Fuzzy Logic is a way of dealing with uncertainties using a degree of truth. Conventional logic helps us to denote if a certain premise X is either true or false. While the latter has been used successfully for logical conditioning in computer systems, it is not suitable for real world scenarios. Let’s say we have a water tap, with hot and cold knobs.

In the traditional way of describing the water, it can either be hot (1) or cold (0). However, this information does not represent the true nature of how hot or cold the water really is. Using fuzzy logic, we can denote with a degree of truth the temperature of water, which might be warm or comfortable, depending on the individual. In order to deal with the different degrees of truth, fuzzy logic uses membership functions. The different states will be represented in fuzzy set form.

As can be observed from the fuzzy representation, there are certain areas that overlap with each other meaning that for temperate X Celsius in the overlap between cold and warm, the water is cold however slowly transitioning to warm. It can also be noted that at the overlap region, a decision needs to be taken when to consider the water to be warm, or hot. This is where expert fuzzy systems are introduced, as someone with knowledge and experience on an area domain can establish these limiters. The range of temperature is known as the universe of discourse  for the system.

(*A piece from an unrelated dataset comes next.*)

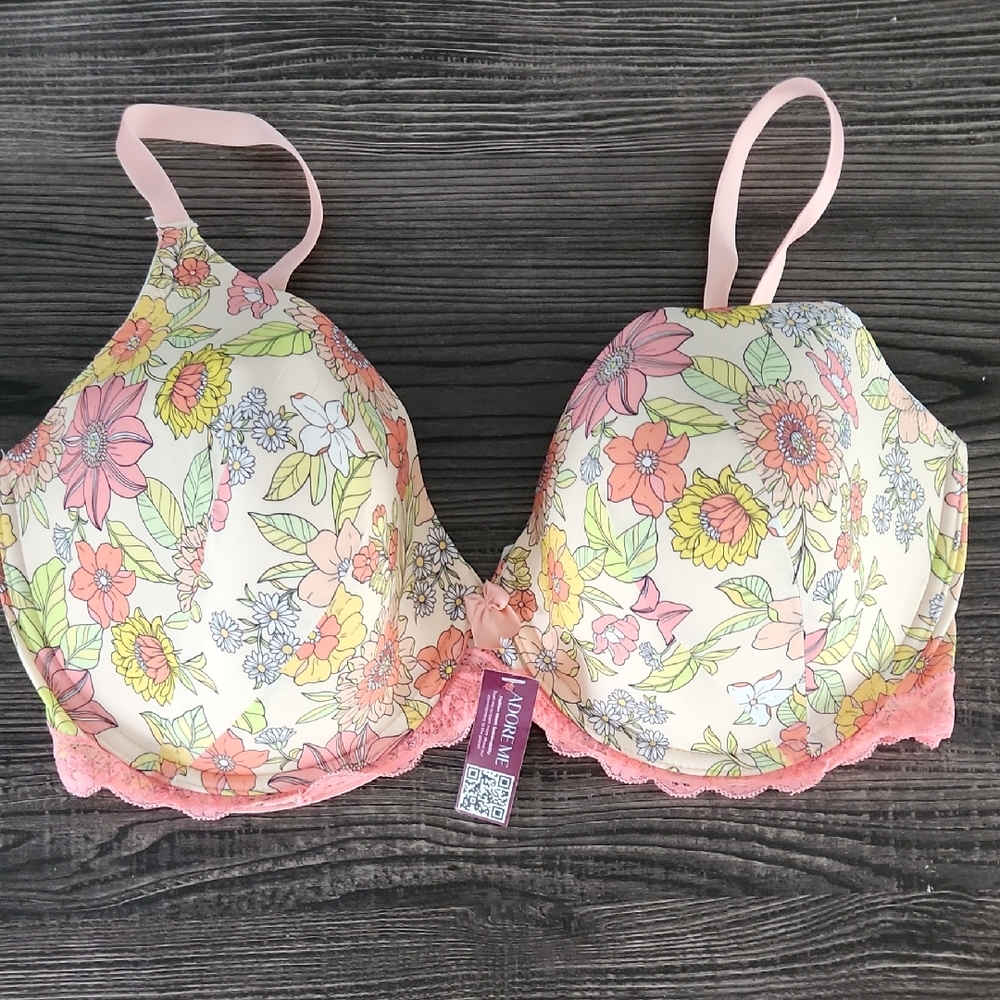 Adore Me Kati Contour Floral Bra - Pink and Cream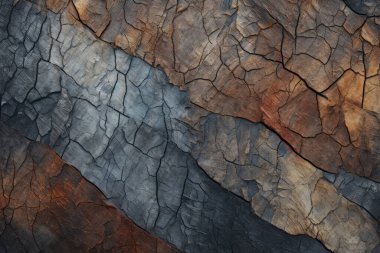 Ağaç kabuğu gövdesi dokusunun işlenmiş kolajı. Pankart, arkaplan veya 3B haritalama için doku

This information is then passed to the inference engine, and based on the rule base, a certain outcome is presented in the form of fuzzy sets. In order to make sense from the output, a defuzzifier translates the numerical value to something that the system can understand.  The most common approach for defuzzification is using a centre of gravity for the output of the membership functions. The result is crisp values that a specific system can act on.